As stated in the title. Is there a non-trivial solution for $n=\nabla \phi$ and $n=\nabla \times A$. With the information that $|n|=1$ \begin{eqnarray} \nabla \times A = \nabla \phi \end{eqnarray} We can condense it to simpler expressions
\begin{eqnarray} &\nabla^2 \phi =& \;0\\ \nabla \times(\nabla \times A) =0\Rightarrow &\nabla^2 A=\;&\nabla (\nabla \cdot A)\\ \nabla\times \nabla^2 A = \nabla^2(\nabla\times A)=&\nabla^2 n =&\;0 \end{eqnarray}
So we have Laplace/Poisson equations. What would be the next step without digging into some representation?
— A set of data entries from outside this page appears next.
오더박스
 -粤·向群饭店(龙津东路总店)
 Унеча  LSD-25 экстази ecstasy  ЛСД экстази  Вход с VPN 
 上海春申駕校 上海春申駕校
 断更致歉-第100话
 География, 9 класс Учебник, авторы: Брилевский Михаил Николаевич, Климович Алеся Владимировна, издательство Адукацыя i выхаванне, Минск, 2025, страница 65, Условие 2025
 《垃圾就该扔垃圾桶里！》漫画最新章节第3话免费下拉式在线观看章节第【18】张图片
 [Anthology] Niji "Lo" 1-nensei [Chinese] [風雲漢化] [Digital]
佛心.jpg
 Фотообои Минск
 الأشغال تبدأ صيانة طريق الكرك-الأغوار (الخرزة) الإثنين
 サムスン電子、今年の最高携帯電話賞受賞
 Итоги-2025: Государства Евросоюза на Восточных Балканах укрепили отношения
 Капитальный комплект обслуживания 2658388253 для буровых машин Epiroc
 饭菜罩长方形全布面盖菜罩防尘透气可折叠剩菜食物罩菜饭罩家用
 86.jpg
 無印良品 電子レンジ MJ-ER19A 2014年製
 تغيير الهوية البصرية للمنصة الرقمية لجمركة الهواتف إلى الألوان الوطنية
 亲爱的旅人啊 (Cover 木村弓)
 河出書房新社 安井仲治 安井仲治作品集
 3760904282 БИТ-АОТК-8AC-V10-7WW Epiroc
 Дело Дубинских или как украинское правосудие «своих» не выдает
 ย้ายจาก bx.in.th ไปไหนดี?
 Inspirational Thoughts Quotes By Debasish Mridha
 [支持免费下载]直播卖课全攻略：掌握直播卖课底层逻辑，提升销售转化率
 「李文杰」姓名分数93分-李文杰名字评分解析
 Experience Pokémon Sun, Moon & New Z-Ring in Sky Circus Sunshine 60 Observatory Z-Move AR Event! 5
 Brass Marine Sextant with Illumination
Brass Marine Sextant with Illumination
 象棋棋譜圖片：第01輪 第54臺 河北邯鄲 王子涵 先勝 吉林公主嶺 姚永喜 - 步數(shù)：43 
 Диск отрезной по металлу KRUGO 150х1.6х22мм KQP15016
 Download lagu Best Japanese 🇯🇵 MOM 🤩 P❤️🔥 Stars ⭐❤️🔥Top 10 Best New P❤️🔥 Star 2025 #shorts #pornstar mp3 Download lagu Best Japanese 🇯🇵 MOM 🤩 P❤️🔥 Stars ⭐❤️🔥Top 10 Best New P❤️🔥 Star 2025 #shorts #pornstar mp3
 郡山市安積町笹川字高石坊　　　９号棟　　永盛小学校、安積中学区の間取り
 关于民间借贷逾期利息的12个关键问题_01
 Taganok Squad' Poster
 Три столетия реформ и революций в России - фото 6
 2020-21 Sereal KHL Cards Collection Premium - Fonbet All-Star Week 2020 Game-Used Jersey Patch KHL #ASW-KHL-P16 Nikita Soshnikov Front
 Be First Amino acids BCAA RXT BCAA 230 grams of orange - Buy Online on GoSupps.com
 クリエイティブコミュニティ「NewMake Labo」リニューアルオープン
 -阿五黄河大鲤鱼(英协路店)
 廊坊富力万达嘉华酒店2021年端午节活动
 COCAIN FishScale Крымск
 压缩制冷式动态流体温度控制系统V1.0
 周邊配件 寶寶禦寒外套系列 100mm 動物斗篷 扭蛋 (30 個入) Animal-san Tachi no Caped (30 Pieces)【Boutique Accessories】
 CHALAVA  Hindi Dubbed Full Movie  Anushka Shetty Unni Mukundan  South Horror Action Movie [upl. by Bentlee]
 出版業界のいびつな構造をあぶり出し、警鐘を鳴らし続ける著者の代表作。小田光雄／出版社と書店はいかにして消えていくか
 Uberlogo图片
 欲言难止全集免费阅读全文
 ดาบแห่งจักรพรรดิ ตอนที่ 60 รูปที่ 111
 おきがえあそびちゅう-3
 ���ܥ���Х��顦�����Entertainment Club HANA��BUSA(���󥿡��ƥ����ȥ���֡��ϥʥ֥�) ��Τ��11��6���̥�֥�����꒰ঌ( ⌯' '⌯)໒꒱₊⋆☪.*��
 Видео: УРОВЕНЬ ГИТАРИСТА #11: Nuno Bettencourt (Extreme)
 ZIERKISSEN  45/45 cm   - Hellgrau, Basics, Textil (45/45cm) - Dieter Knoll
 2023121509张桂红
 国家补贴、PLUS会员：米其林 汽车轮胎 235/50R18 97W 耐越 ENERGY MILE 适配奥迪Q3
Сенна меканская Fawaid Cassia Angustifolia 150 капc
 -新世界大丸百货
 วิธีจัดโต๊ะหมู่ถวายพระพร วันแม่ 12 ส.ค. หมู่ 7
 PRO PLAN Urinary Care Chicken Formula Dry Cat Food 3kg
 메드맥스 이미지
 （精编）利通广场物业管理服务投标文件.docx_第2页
Since the given conditions imply that $n$ is both divergence-free and curl-free, you are looking for a harmonic vector field; so in particular $\Delta n = \nabla \cdot \nabla n = 0$ as you deduced. The additional condition $|n|^2 = 1$ is now very powerful: the product rule gives $$\Delta |n|^2 = 2|\nabla n|^2 +2 n \cdot \Delta n = 2|\nabla n|^2,$$ so since we know $|n|^2$ is constant we conclude that $\nabla n = 0$ everywhere; i.e. $n$ is constant.